*** Block opens ***
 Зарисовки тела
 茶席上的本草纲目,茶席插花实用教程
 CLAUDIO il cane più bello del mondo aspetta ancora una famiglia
*** Block closes ***
*** Block opens ***
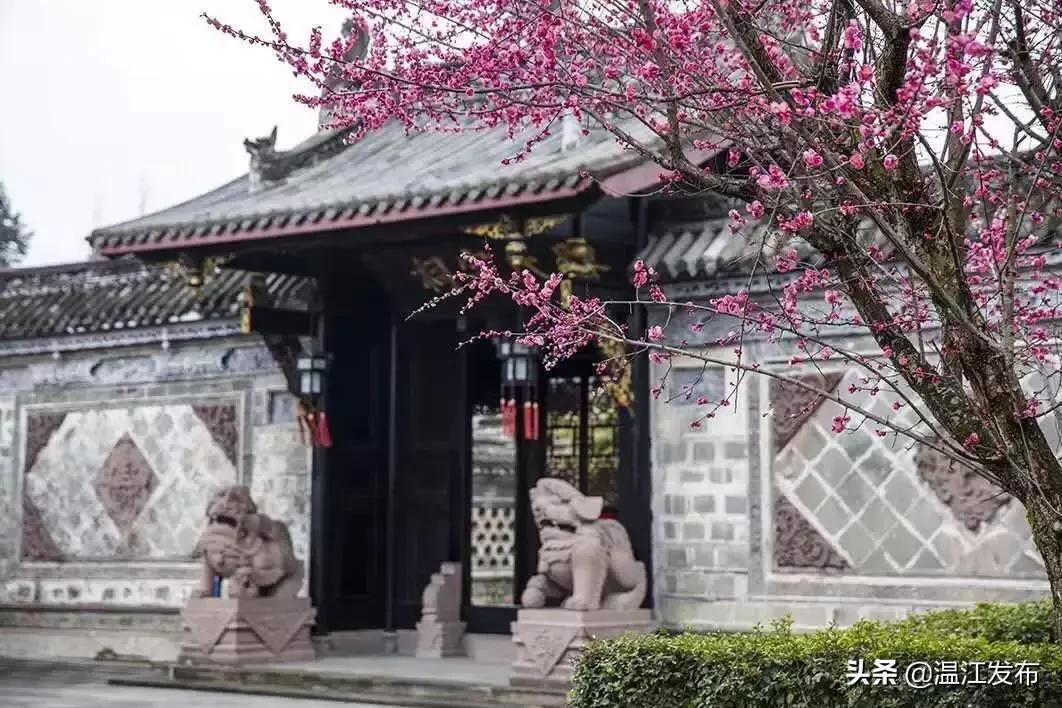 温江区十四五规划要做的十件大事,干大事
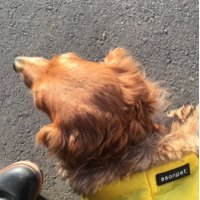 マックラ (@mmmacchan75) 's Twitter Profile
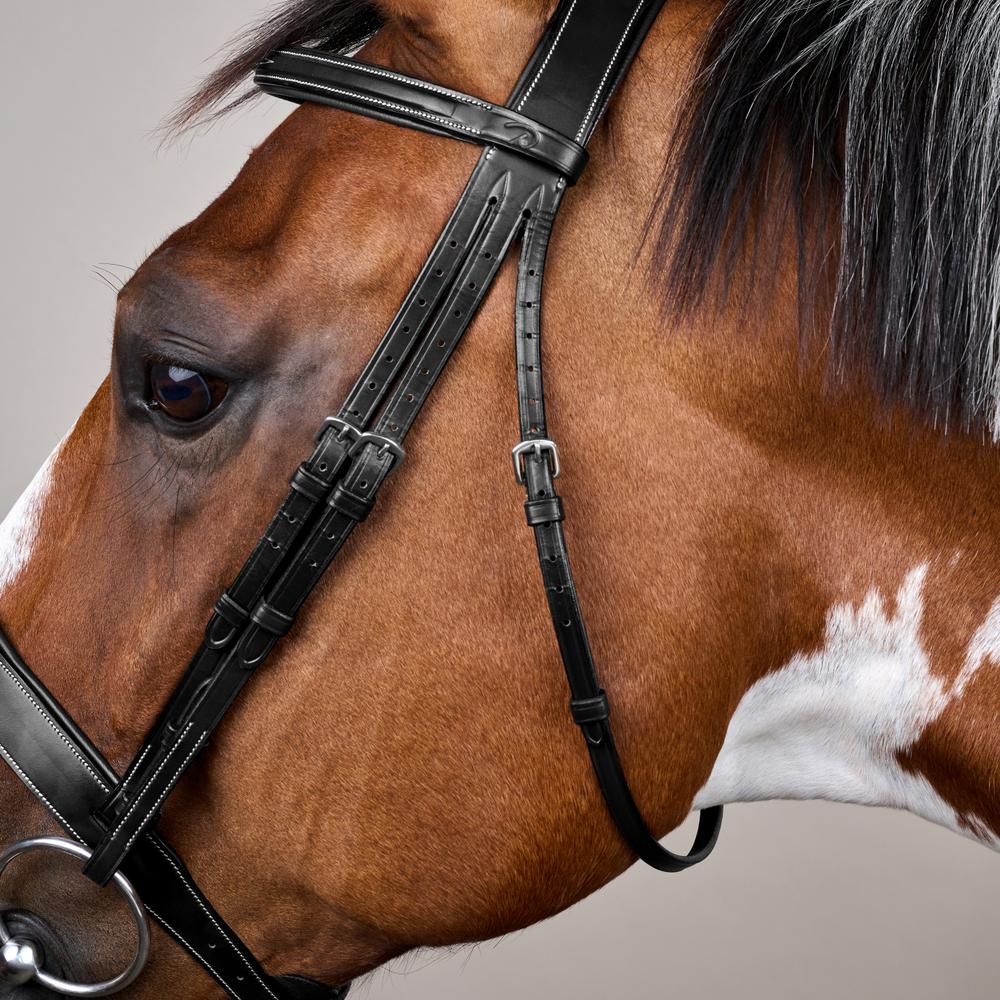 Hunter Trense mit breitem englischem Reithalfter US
*** Block closes ***
*** Block opens ***
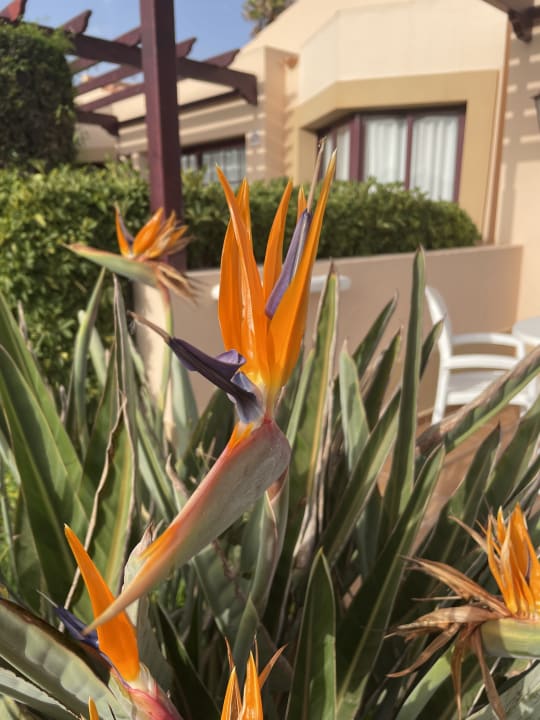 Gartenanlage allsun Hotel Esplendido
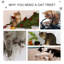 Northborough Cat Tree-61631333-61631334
*** Block closes ***
(TASK BRIEF): Only one stretch of the entries above is wanted: the lines from the one containing "Зарисовки тела" through the one containing "CLAUDIO il cane". Please reproduce it exactly.

(WRITTEN REPLY):
 Зарисовки тела
 茶席上的本草纲目,茶席插花实用教程
 CLAUDIO il cane più bello del mondo aspetta ancora una famiglia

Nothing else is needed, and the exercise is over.